In this section, extensive experiments are conducted on real life datasets. Except for the datasets used in the compared methods, some popular time-series datasets are collected from the UCI machine learning repository. All datasets are described in Table 2.

Table 2 Real-world datasets used in experiments

In Table 2, n represents the size of the dataset, m represents the dimension of the dataset, and ‘Rate’ denotes the proportion of anomalous data in total data. Specifically, NYC Taxicabs is a stream data that represents the total number of passengers aggregated in a 30-minute window, which collects the taxi ridership data from the NYC Taxi Commission [15]. Lavin et al. labeled the Independence Day, Labor Day, Labor Day Parade, NYC Marathon, Thanksgiving, Christmas, New Years Day and North American Blizzard as the anomalies. Then, we use “Nyc” to represent this dataset. Occupancy is a multi-features temporal dataset, which involves light, temperature, humidity, CO2, and humidity ratio in a room office [5]. In the experiment, two data streams (Occupancy_1 and Occupancy_2) are used to validate the performance of different methods. Then, we use “Occu_1” and “Occu_2” to represent the two datasets. Kddcup99 contains a 9-week collection of network connection data from a simulated USAF LAN [30]. We will use “Kdd99” to represent this dataset. Smpt is a processed subset of Kdd99. Firstly, a smaller set is forged by having only 3,377 attacks (0.35%) of 976,157 records, where attribute ‘logged_in’ is positive. From this forged dataset 95,156 ‘smtp’ service data is used to construct the Smtp dataset. Forestcover is used in predicting forest cover type from cartographic variables only (no remotely sensed data). This study area includes four wilderness areas located in the Roosevelt National Forest of northern Colorado. We select 10 quantitative attributes from 54 attributes of Forestcover and name this dataset as “Fc”.

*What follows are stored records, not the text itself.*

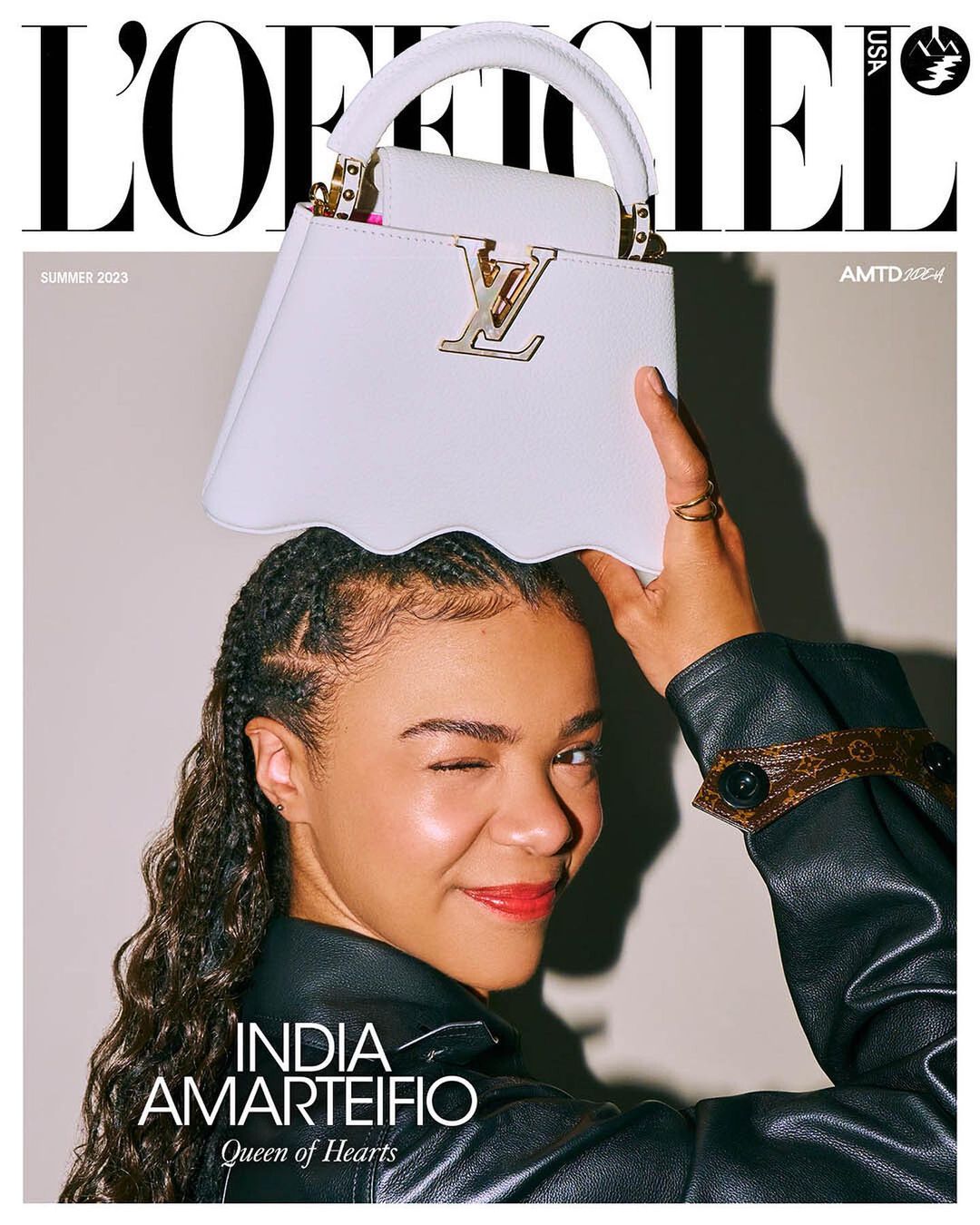 L'Officiel USA cover featuring India Amarteifio holding a white Louis Vuitton purse, with the magazine's masthead and text overlays.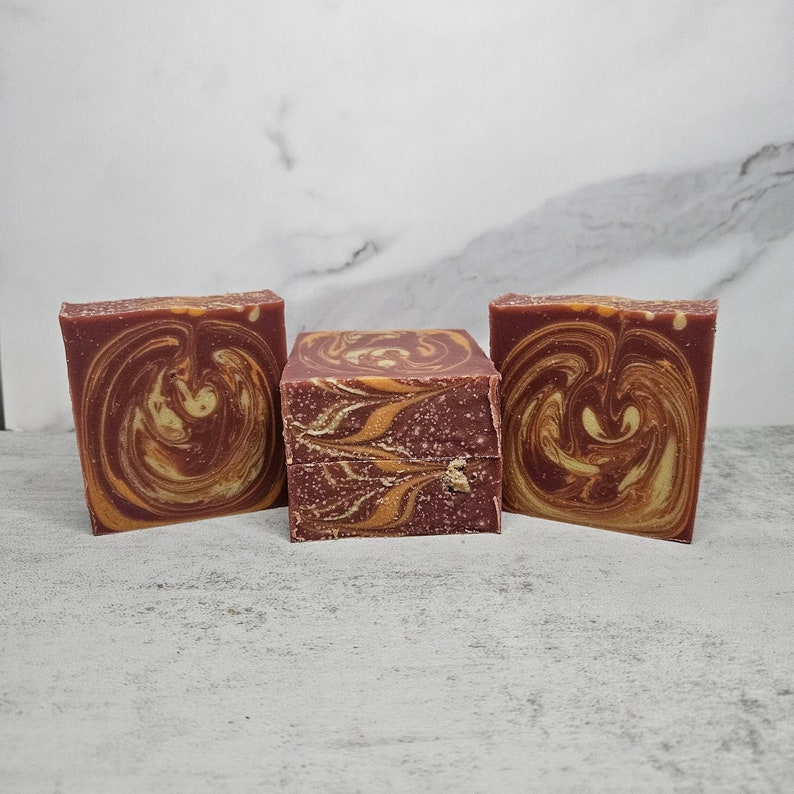 May include: Three bars of handmade soap with a swirl pattern in shades of brown and orange.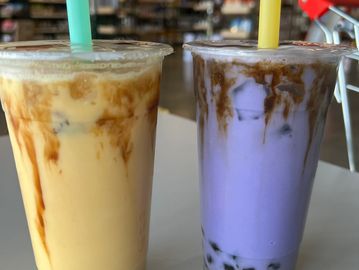 Two colorful iced bubble tea drinks with straws on a table.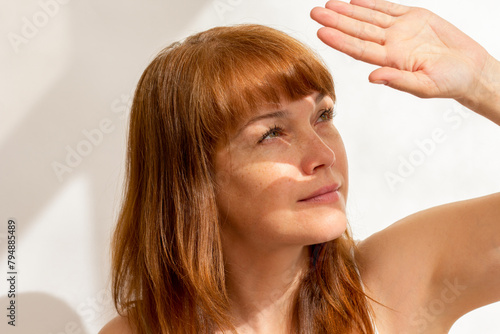 Portrait of caucasian middle aged woman close her face by hand hiding from sunlight
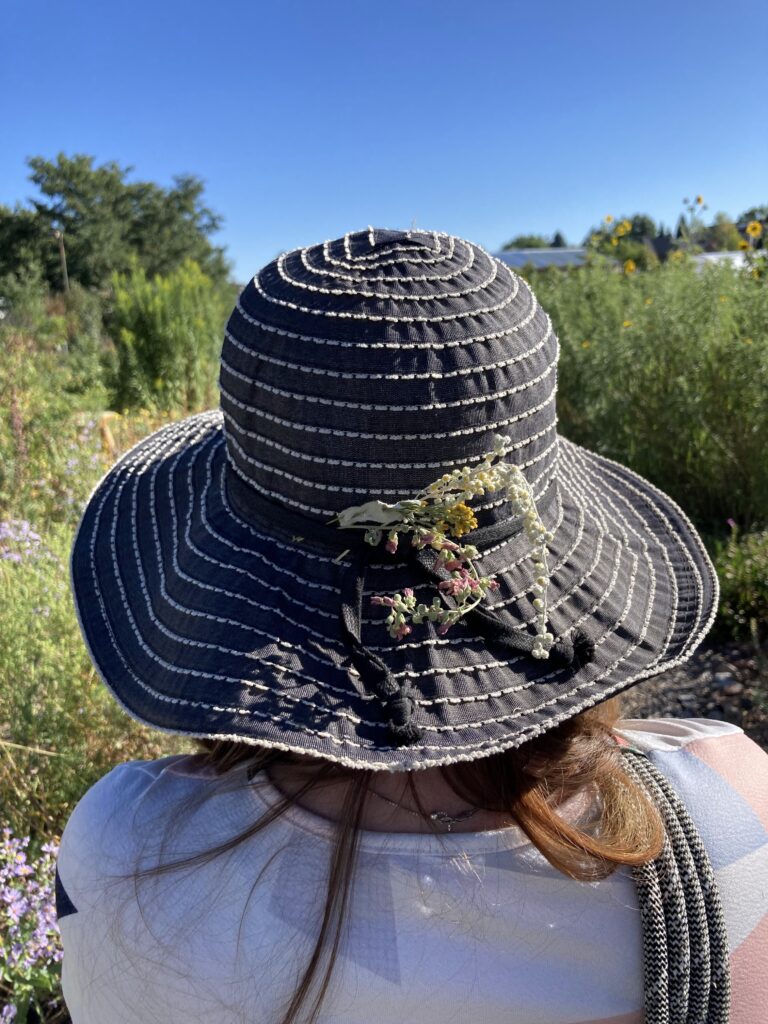Colorado native plants decorating a woman's hat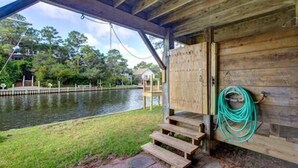 Une structure en bois offrant une vue sur une étendue d’eau, des marches menant à une porte et un tuyau d’arrosage vert accroché au mur.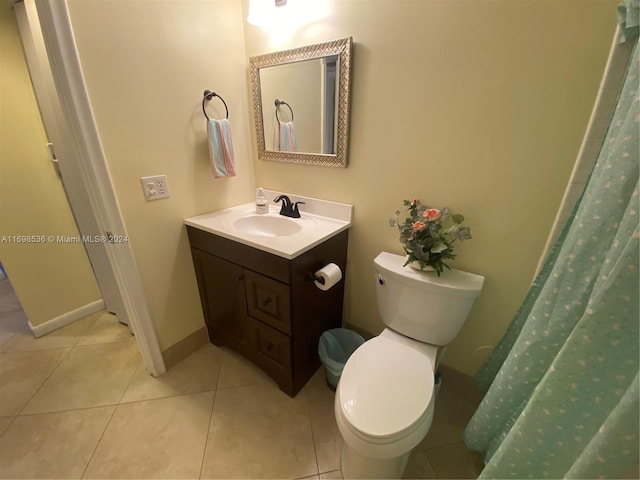 bathroom featuring tile patterned flooring, vanity, and toilet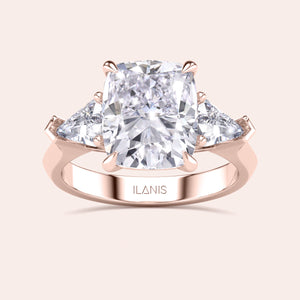 Detailed frontal close-up of elegant cushion-cut diamond ring set in a in a three stone setting with shield side stones rose gold band 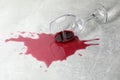 Overturned glass with red wine spill on grey table Royalty Free Stock Photo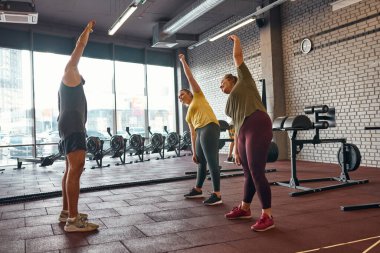 Beyaz kızlar spor salonunda antrenörle esniyorlar.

As has been used extensively in many other works, including [14, 27, 30], we also use the Area Under receiver operating characteristic Curve (AUC) and Area Under Precision-Recall Curve (PRC) as the performance measures. The higher AUC represents the better performance, since the higher AUC means the anomalies can be detected with a lower false-positive rate and truth-negative rate. similarly, the higher PRC represents the better performance. To process the data stream in real time, the efficiency of the methods is also important in our cases. So, the testing time is compared next. To exclude the contingency, we run all the experiments 10 times and take the arithmetic average as the final result.

Firstly, We compare three instantiations (ImALSH, ImL1SH and ImL2SH) in IDForest with W_Gaussian, RRCF and xStream to see the effectiveness in detecting different kinds of data streams. All experiments are averaged 10 times and the standard deviation of 10 results is shown in brackets. Then, the AUC and PRC results are shown in Table 3 and 4. Our method and the best result are in bold.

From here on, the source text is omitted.